- Directed by: Henil Gandhi
- Written by: Suraj Baraliya
- Produced by: Jeegar Chauhan Sunny Desai
- Starring: Malhar Thakar; Nijal Modi; Kalpana Gargekar; Ragi Jani;
- Cinematography: Himanshu Dubey
- Music by: Rahul Munjariya
- Production company: Jeegar Chauhan Productions
- Distributed by: Rupam Entertainment Pvt Ltd
- Release date: 19 May 2022;
- Running time: 125 minutes
- Country: India
- Language: Gujarati

= Sonu Tane Mara Par Bharoso Nai Ke =

2022 film directed by Henil Gandhi

Sonu Tane Mara Par Bharoso Nai Ke is a 2022 Gujarati comedy, film directed by Henil Gandhi and written by Suraj Baraliya.

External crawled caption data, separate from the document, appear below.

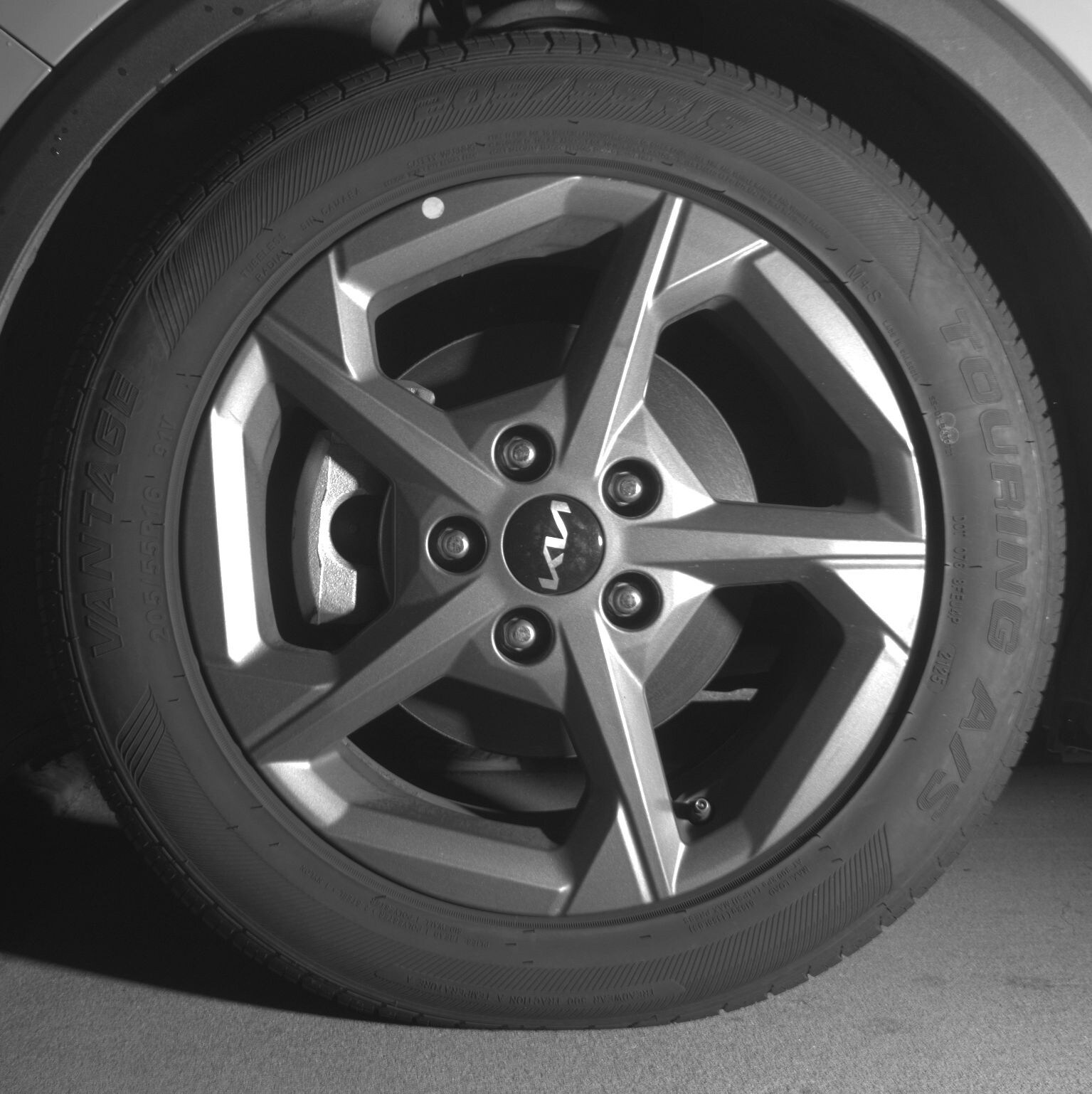 Thumbnail: 2025 Kia K4 - 9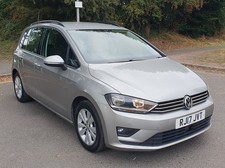 Volkswagen golf 1.4 for sale  SMETHWICK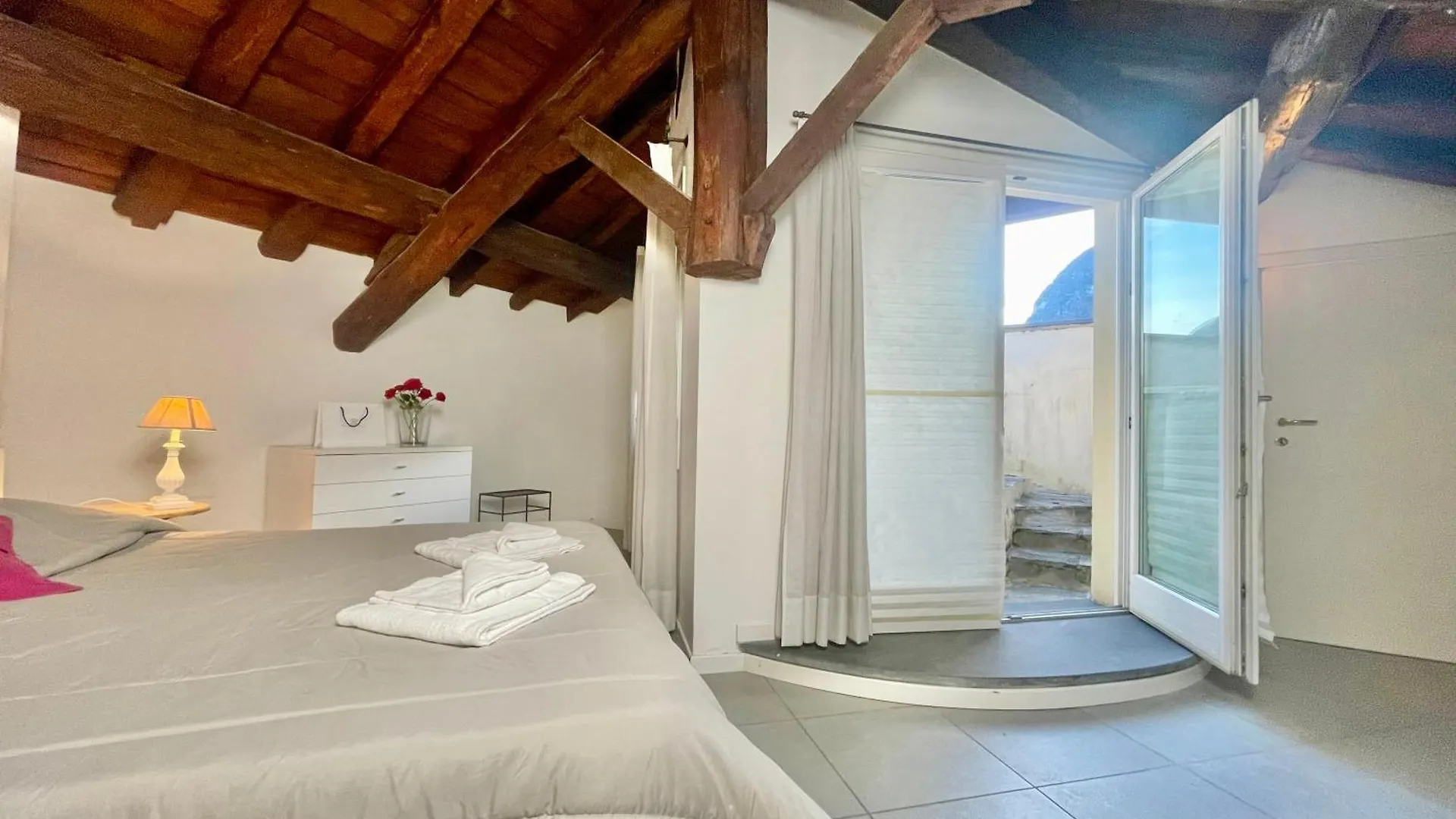 Menaggio Fantastico Apartment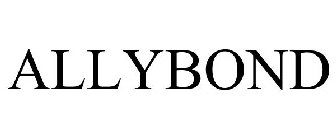 ALLYBOND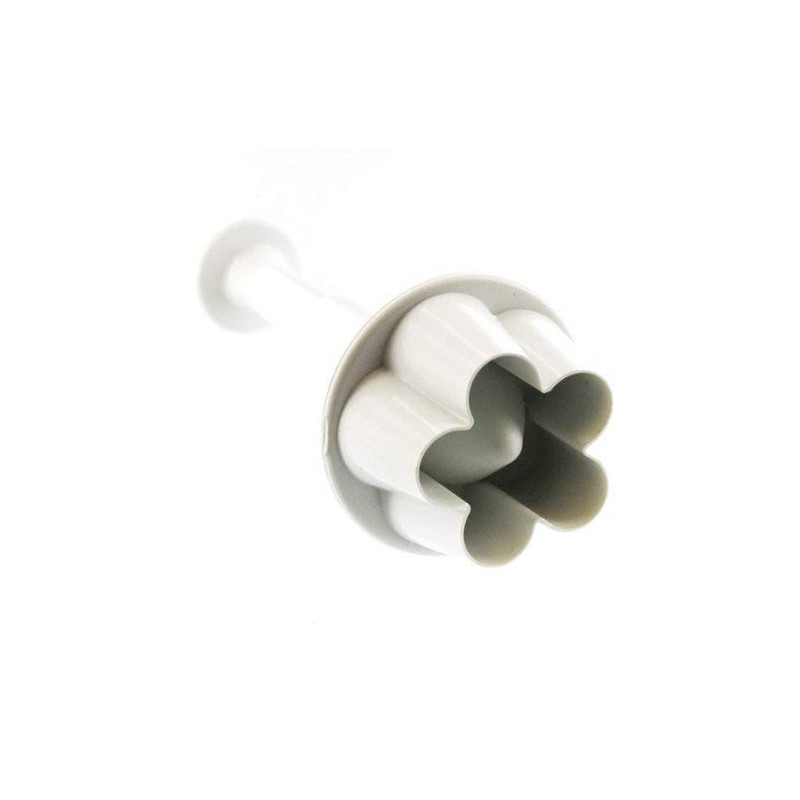 PME FB549 Blossom / Forget Me Not Plunger Cutter, Extra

It stars Malhar Thakar, Nijal Modi, Ragi Jani, Kalpana Gargekar, and others. It was produced by Jeegar Chauhan. & Sunny Desai. The film was distributed by Rupam Entertainment Pvt Ltd. The music of the film was arranged by Rahul Munjariya

== Plot ==
Kartik who belongs to a middle-class family buys a television from Chor Bazar which turns out to be defective. In his attempt to repair the television, Kartik finds gold coins in it. He hands over the gold to the Police and earns 10% commission for his honesty. Things take a hilarious turn, when the smuggler of the gold coins reaches Kartik's house. How would Kartik handle this situation? Would the smuggler get his gold coins back?

== Cast ==
- Malhar Thakar
- Nijal Modi
- Ragi Jani
- Kalpana Gagdekar
- Jayesh More
- Meghna Solanki
- RJ Hiren Barot
- Rajpal Vaghela
- Dolly Trivedi
- Bansi Rajput

== Production ==
The movie was produced by Jeegar Chauhan, Malhar Thakar & Sunny Desai under the banner of Jeegar Chauhan Productions The music of the film was arranged by Rahul Munjariya. Daler Mehndi had his Gujarati film debut in the movie. Altaf Raja also made his Gujarati film debut in the movie.
== Reception ==
OTTplay praised the film direction but not the acting.

== Release ==
The film was released in cinemas on May 19, 2022.